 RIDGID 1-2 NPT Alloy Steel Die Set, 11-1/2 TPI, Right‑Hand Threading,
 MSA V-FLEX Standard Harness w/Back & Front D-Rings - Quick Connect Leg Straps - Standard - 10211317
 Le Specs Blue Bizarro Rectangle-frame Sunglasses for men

...

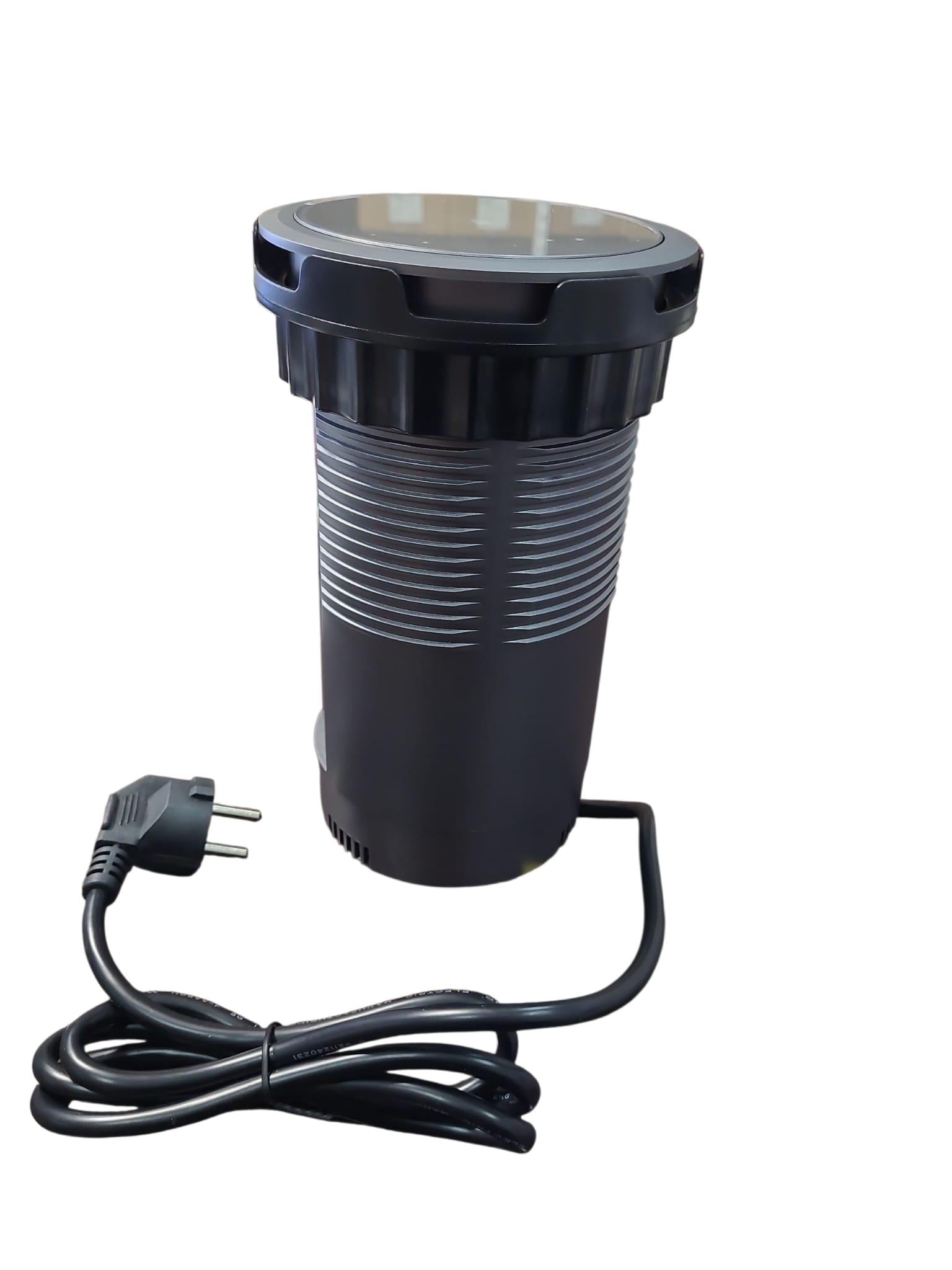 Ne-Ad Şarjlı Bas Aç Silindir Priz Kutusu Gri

Problem
Take the stretch of lines above from the one containing "RIDGID 1-2 NPT" through the one containing "Le Specs Blue" and repeat it exactly, adding no other line.

Written response
 RIDGID 1-2 NPT Alloy Steel Die Set, 11-1/2 TPI, Right‑Hand Threading,
 MSA V-FLEX Standard Harness w/Back & Front D-Rings - Quick Connect Leg Straps - Standard - 10211317
 Le Specs Blue Bizarro Rectangle-frame Sunglasses for men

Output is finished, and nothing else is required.